— WORK TASK —
Please write out the full listing beneath this line exactly, skipping its images.

— SUPPLIED INFORMATION —

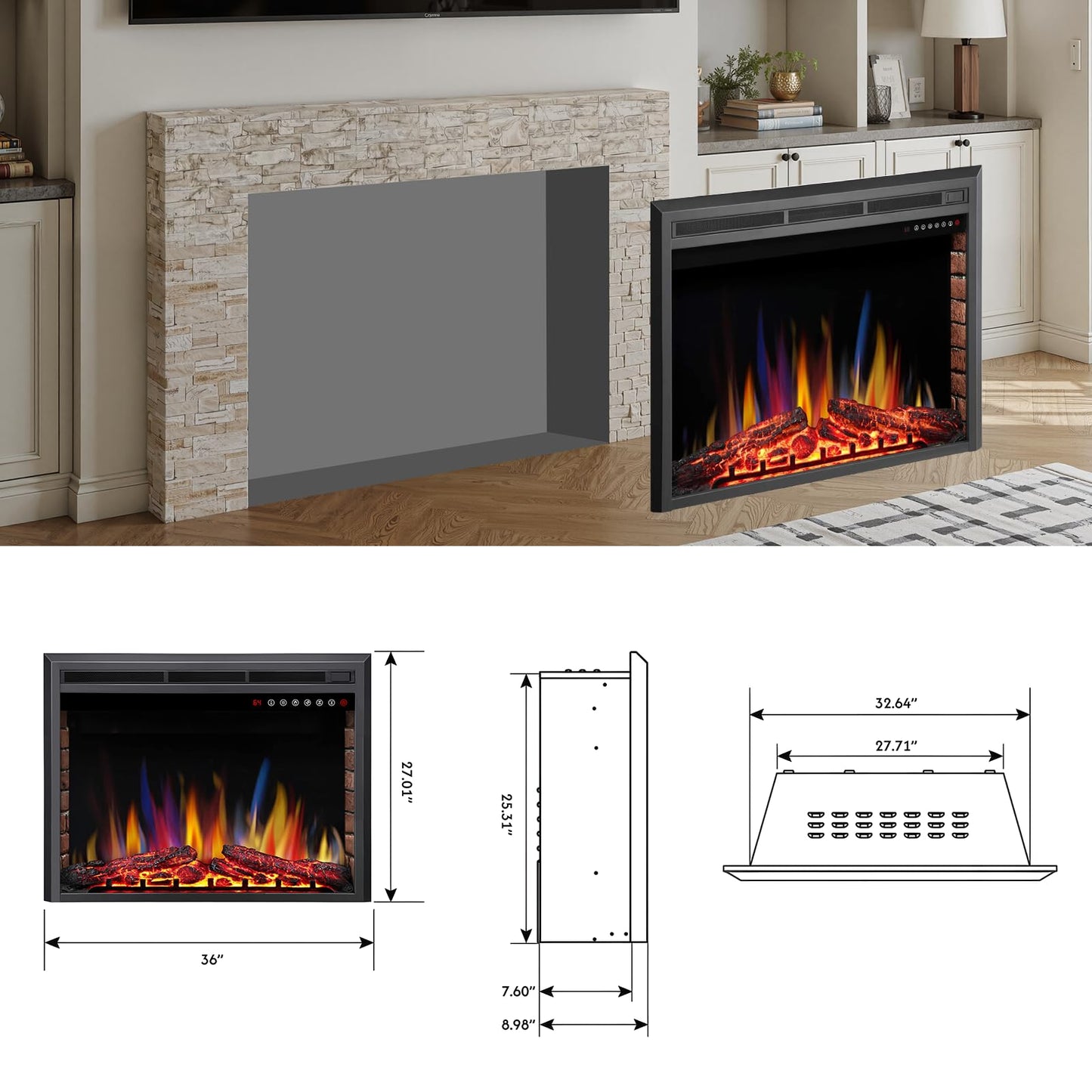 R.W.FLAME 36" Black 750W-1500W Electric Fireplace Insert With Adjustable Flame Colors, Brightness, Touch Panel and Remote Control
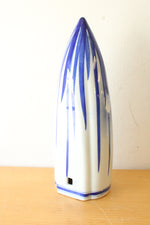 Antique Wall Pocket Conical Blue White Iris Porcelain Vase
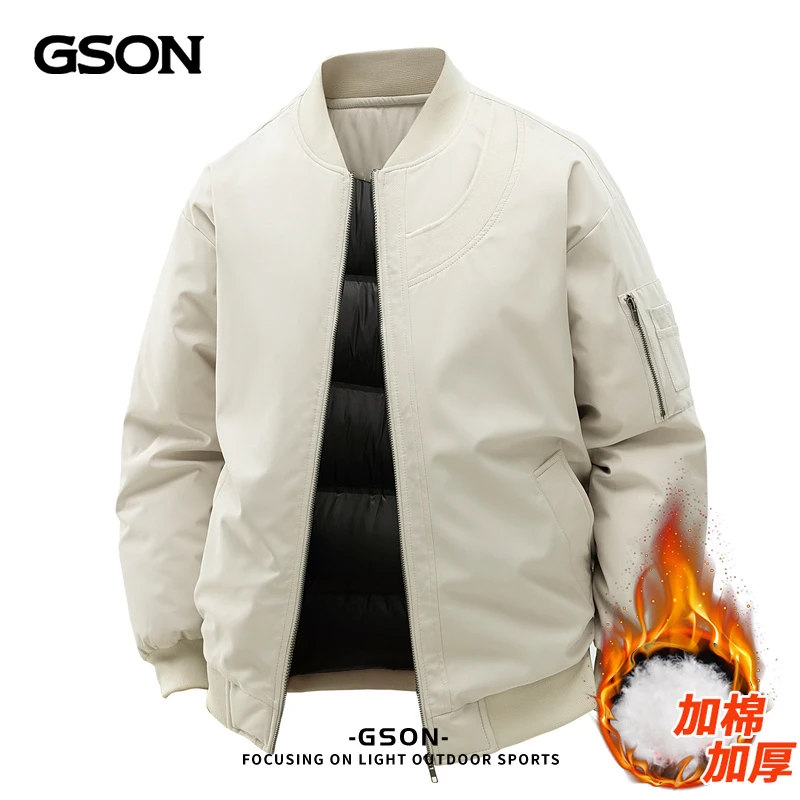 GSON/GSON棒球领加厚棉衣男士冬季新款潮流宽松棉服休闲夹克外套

— RESULT BELOW —
 R.W.FLAME 36" Black 750W-1500W Electric Fireplace Insert With Adjustable Flame Colors, Brightness, Touch Panel and Remote Control
 Antique Wall Pocket Conical Blue White Iris Porcelain Vase
 GSON/GSON棒球领加厚棉衣男士冬季新款潮流宽松棉服休闲夹克外套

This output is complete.